Fifty years ago, Hewlett-Packard introduced the first handheld scientific calculator, the HP-35. It was quite the engineering feat, since equivalent machines of the day were bulky desktop affairs, if not rack-mounted. [Rob Weinstein] has long been a fan of HP calculators, and used an HP-41C for many years until it wore out. Since then he gradually developed a curiosity about these old calculators and what made them tick. The more he read, the more engrossed he became. [Rob] eventually decided to embark on a three year long reverse-engineer journey that culminated a recreation of the original design on a protoboard that operates exactly like the original from 1972 (although not quite pocket-sized). In this presentation he walks us through the history of the calculator design and his efforts in understanding and eventually replicating it using modern FPGAs.
The HP patent ( US Patent 4,001,569 ) contains an extremely detailed explanation of the calculator in nearly every aspect. There are many novel concepts in the design, and [Rob] delves into two of them in his presentation. Early LED devices were a drain on batteries, and HP engineers came up with a clever solution. In a complex orchestra of multiplexed switches, they steered current through inductors and LED segments, storing energy temporarily and eliminating the need for inefficient dropping resistors. But even more complicated is the serial processor architecture of the calculator. The first microprocessors were not available when HP started this design, so the entire processor was done at the gate level. Everything operates on 56-bit registers which are constantly circulating around in circular shift registers. [Rob] has really done his homework here, carefully studying each section of the design in great depth, drawing upon old documents and books when available, and making his own material when not.

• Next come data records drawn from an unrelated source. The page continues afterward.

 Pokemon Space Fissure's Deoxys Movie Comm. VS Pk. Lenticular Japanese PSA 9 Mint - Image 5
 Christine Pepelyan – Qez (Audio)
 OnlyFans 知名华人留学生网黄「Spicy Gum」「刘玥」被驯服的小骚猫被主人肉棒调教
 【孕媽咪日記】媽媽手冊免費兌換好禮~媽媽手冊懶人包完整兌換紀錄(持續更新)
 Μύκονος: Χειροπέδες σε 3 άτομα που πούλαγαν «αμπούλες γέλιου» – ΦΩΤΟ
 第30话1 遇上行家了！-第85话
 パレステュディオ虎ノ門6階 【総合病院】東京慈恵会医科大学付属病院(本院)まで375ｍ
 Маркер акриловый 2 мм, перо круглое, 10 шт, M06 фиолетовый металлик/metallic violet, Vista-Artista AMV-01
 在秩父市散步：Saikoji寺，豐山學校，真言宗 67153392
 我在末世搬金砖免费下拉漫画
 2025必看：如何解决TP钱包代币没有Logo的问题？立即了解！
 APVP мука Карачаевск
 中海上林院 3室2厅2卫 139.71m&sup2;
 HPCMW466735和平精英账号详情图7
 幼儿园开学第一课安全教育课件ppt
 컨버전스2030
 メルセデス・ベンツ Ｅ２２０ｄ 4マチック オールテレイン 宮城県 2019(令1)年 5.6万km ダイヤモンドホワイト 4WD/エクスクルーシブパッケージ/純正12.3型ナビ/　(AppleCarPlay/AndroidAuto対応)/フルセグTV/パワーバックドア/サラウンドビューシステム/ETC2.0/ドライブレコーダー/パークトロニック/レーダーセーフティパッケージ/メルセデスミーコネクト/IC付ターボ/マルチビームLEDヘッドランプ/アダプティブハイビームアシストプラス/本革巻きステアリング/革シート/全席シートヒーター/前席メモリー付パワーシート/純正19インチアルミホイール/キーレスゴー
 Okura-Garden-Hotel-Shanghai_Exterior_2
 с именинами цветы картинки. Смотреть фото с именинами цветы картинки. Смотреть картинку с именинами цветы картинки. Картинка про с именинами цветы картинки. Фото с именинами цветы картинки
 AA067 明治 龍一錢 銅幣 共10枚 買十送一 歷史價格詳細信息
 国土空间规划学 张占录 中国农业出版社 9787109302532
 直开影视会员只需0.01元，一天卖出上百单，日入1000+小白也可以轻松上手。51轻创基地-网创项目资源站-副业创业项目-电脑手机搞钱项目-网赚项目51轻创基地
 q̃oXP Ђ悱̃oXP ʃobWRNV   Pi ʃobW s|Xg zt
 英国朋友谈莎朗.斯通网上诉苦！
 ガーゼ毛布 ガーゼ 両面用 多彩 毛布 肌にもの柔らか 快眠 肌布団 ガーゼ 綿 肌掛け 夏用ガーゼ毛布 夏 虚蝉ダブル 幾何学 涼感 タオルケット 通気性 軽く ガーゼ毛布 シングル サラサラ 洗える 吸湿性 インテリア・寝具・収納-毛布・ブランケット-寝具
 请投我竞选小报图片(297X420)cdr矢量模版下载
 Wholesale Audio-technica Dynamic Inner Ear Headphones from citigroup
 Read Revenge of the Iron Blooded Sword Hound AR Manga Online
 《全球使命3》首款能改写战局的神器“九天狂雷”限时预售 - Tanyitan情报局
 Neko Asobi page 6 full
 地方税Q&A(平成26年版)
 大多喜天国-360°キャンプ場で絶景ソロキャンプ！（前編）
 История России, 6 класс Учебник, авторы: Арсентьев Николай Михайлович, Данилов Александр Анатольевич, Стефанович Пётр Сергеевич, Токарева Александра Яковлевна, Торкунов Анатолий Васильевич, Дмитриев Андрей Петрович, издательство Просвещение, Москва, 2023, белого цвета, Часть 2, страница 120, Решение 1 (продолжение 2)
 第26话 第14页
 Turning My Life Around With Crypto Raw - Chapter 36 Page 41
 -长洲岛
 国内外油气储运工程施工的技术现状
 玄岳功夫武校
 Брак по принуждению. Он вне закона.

For example, in the course of figuring everything out, [Rob] prepared 338 pages of timing charts in addition to those in the patent.
One section called the “Micro-Programmed Controller” is presented as just a black-box in the patent. This is the heart of the systems, and is essential to the calculator’s operation. However, all the other parts that talk to the controller were so well-described in the patent that [Rob] was able to back out the details. The controller, and all sections of the calculator, was implemented in Verilog, and tested on an instrumented workbench he built to test each module.
Once everything was working in the simulations, [Rob] set out to build a working model. TInyFPGA models were used, one for each custom chip. A few understandable departures were made from the original design. An 18650 lithium ion cell powers the board, kept topped off by a modern battery charging controller. The board is larger than the original, and yes, he’s using the Hackaday-obligatory 555 chip in the power-on circuit. In this short demonstration video, you can see the final prototype being put through its paces side by side with an original HP-35, working through examples from the owner’s manual.
This is an incredibly researched and thoroughly documented project. [Rob] has made the design open source and is sharing it on the project’s GitLab repository. [Rob]’s slides for Remoticon are not only a great overview of the project, but have some good references included. Its clear he has a real passion for these old calculators and has done a fantastic job exploring the HP-35. But even after three years, there’s more to come. He’s thinking about making a PCB version, and a discrete implementation using individual logic gates may be in the works.